7. Werden die einzelnen Tätigkeiten in den Räumlichkeiten der GesmbH ausgeübt; wird vom Unternehmen ein Arbeitsplatz zur Verfügung gestellt?

8. Welche Arbeitsmittel wurden auf eigene Kosten beigestellt? Werden von der GesmbH für die Beistellung Vergütungen geleistet? Die entsprechenden Unterlagen sind vorzulegen.

9. Wie gestaltet sich die Arbeitszeit (gleichmäßig auf die Woche verteilt, je nach Arbeitsanfall etc.)? Um Darstellung der erbrachten Arbeitszeit und deren Lagerung im Prüfungszeitraum wird gebeten.

10. Wie oft und wie lange war der wesentlich Beteiligte im Prüfungszeitraum auf Urlaub oder krank?

a) Um Bekanntgabe der Krankentage bzw. konsumierten Urlaubstage pro Kalenderjahr wird ersucht.
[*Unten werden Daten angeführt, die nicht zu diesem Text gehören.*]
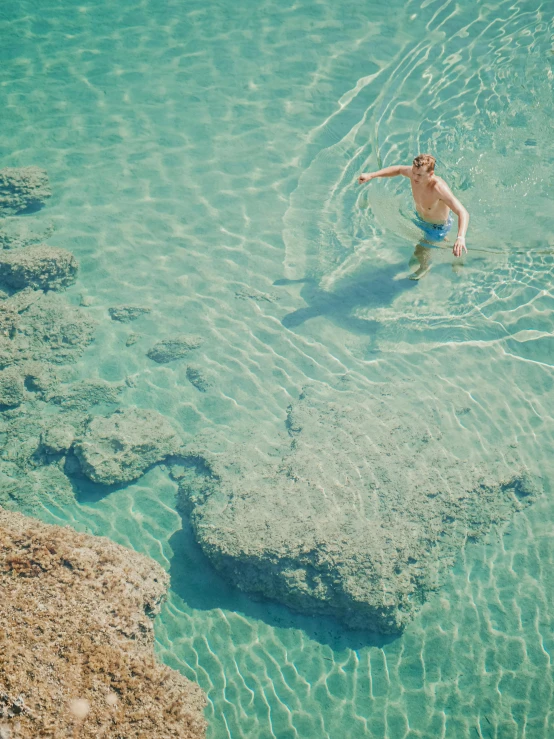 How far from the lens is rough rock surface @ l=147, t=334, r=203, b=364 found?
22.2 feet

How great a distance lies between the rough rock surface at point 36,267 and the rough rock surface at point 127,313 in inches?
38.6

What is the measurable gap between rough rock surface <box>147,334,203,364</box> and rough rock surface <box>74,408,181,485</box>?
0.95m

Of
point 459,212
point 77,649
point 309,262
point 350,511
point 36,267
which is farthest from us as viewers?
point 309,262

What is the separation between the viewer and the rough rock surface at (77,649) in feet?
10.3

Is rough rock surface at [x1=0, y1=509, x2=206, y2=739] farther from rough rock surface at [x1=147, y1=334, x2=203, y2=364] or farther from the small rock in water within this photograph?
rough rock surface at [x1=147, y1=334, x2=203, y2=364]

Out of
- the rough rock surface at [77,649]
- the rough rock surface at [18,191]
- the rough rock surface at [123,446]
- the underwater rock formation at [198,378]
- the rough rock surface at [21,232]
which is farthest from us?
the rough rock surface at [18,191]

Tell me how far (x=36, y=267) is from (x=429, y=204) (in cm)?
524

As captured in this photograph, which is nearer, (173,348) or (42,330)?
(173,348)

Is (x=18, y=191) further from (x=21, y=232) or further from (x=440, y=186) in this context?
(x=440, y=186)

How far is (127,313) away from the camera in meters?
7.16

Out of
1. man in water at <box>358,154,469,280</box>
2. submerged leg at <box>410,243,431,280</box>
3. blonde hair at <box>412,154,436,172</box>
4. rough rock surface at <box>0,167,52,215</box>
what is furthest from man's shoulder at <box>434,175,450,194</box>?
rough rock surface at <box>0,167,52,215</box>

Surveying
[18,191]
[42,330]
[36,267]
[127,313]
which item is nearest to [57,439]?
[42,330]

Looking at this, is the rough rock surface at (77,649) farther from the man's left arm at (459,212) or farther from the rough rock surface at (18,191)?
the rough rock surface at (18,191)

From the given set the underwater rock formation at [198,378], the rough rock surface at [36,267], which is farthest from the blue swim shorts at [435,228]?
the rough rock surface at [36,267] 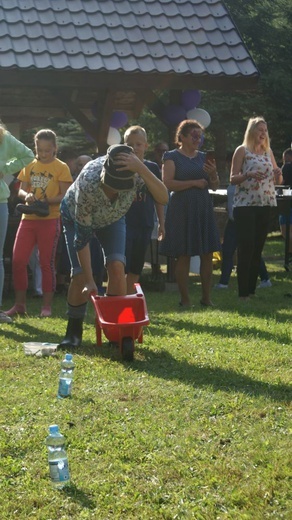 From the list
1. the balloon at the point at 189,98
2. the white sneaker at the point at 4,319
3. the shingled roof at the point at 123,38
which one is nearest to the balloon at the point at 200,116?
the balloon at the point at 189,98

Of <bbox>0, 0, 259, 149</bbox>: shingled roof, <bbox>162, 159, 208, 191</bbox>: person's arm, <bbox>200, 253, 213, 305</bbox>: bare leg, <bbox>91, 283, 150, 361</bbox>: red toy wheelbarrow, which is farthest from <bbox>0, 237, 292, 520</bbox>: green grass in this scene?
<bbox>0, 0, 259, 149</bbox>: shingled roof

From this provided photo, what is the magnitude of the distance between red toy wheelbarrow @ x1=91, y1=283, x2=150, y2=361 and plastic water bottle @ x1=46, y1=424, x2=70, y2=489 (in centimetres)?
248

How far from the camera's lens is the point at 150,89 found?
501 inches

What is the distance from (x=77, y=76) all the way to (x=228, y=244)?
289cm

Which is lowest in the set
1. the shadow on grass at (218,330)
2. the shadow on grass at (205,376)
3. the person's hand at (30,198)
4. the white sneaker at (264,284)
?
the shadow on grass at (205,376)

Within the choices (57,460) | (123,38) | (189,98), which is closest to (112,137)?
(189,98)

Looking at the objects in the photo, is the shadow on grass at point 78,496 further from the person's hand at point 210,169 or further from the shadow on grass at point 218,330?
the person's hand at point 210,169

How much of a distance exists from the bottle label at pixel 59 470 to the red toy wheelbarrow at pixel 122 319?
2556 millimetres

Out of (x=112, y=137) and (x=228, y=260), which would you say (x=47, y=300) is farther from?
(x=112, y=137)

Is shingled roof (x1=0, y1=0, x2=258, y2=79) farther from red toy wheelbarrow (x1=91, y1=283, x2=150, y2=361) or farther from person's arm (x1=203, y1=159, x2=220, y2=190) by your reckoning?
red toy wheelbarrow (x1=91, y1=283, x2=150, y2=361)

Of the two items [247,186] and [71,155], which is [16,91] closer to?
[71,155]

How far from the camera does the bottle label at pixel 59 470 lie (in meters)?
4.16

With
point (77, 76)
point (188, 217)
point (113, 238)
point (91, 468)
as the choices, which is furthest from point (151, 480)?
point (77, 76)

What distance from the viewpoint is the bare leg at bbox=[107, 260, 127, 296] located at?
718 centimetres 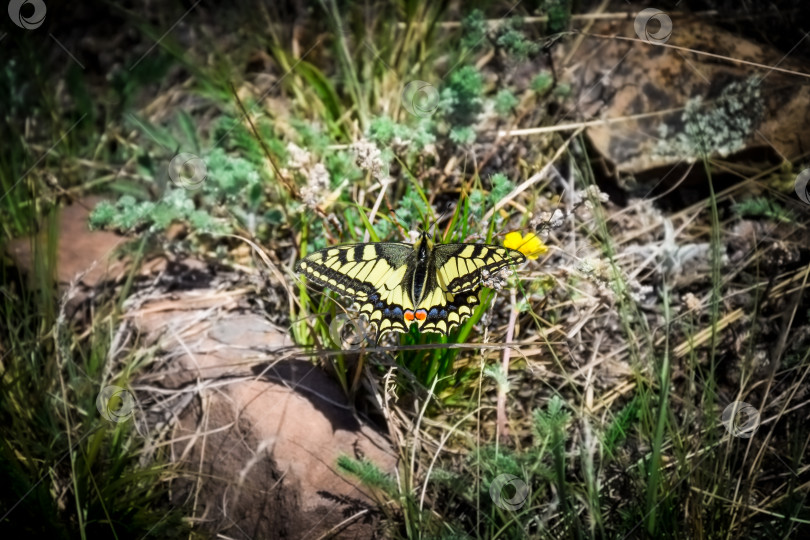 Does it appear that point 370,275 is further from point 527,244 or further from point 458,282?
point 527,244

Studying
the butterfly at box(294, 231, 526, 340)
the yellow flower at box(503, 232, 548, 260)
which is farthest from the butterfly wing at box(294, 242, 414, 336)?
the yellow flower at box(503, 232, 548, 260)

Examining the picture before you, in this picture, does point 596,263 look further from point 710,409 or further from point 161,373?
point 161,373

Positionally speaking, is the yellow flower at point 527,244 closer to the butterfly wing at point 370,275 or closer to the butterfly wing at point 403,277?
the butterfly wing at point 403,277

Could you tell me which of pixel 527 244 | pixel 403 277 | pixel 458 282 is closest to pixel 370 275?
pixel 403 277

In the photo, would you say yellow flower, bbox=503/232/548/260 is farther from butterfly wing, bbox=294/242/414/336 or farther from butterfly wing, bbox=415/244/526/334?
butterfly wing, bbox=294/242/414/336

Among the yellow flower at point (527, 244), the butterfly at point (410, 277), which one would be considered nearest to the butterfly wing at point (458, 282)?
the butterfly at point (410, 277)

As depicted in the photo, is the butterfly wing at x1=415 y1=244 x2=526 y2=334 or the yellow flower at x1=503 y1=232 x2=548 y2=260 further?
the yellow flower at x1=503 y1=232 x2=548 y2=260

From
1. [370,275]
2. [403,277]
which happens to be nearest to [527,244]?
[403,277]

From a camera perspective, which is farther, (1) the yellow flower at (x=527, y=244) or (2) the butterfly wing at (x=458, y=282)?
(1) the yellow flower at (x=527, y=244)

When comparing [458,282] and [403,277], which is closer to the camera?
[458,282]

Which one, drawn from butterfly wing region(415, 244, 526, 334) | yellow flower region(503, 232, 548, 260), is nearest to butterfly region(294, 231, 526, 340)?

b) Wer hat während dieser Abwesenheitszeiten die Vertretung bzw. die Wahrnehmung welcher konkreten Agenden übernommen?

c) Bestand im Prüfungszeitraum ein (vertraglicher) Anspruch auf Gebührenurlaub?

d) Wurde im Prüfungszeitraum eine Urlaubs- und Krankenstandskartei geführt - wenn ja wird um deren Vorlage ersucht.

11. Nach welcher Bestimmung sind die Bezüge pflichtversichert (ASVG oder GSVG) und von wem (Geschäftsführer oder GesmbH) wurden diese Beitragskosten getragen?

12. Welche Vereinbarungen sind hinsichtlich der Auflösung des Vertragsverhältnisses getroffen worden (Kündigungstermine, -fristen, -gründe)?

13. Unter welcher Einkunftsart wurden bisher bzw. werden die im Prüfungszeitraum erhaltenen Bezüge bzw. Vergütungen zur Einkommensteuer erklärt?

14. Alle vorhandenen schriftlichen Verträge, die das Rechtsverhältnis zwischen der Gesellschaft und dem wesentlich Beteiligten definieren bzw. regeln (Gesellschafts-, Anstellungs-, Dienst-, Werkvertrag, Umlaufbeschlüsse, Nachträge zu den einzelnen Verträgen, etc.) sind vorzulegen.

15. Wurden die in Rede stehenden Bezüge und Vergütungen im Prüfungszeitraum der Kommunalsteuer unterworfen?"

Dieser Fragenkatalog wurde von der Bw. wie folgt beantwortet:

"Ad 1) Herr M.S. plant, organisiert, überwacht und leitet die von der Bw. durchgeführten Baustellen auf Basis eines Werkvertrags. Des Weiteren ist er für die Geschäftsführung, Vertretung und Finanzgebarung der Bw. verantwortlich.

Ad 2) Herr M.S. kann sich selbstverständlich wie jeder andere Einzelunternehmer auch von jemand anderem vertreten lassen. M.S. hat sich jedoch nie vertreten lassen müssen, da er im Prüfungszeitraum nie krank gewesen ist.

Ad 3) Herr M.S. hat sämtliche Tätigkeiten bezüglich seines Werkvertrages selbst wahrgenommen.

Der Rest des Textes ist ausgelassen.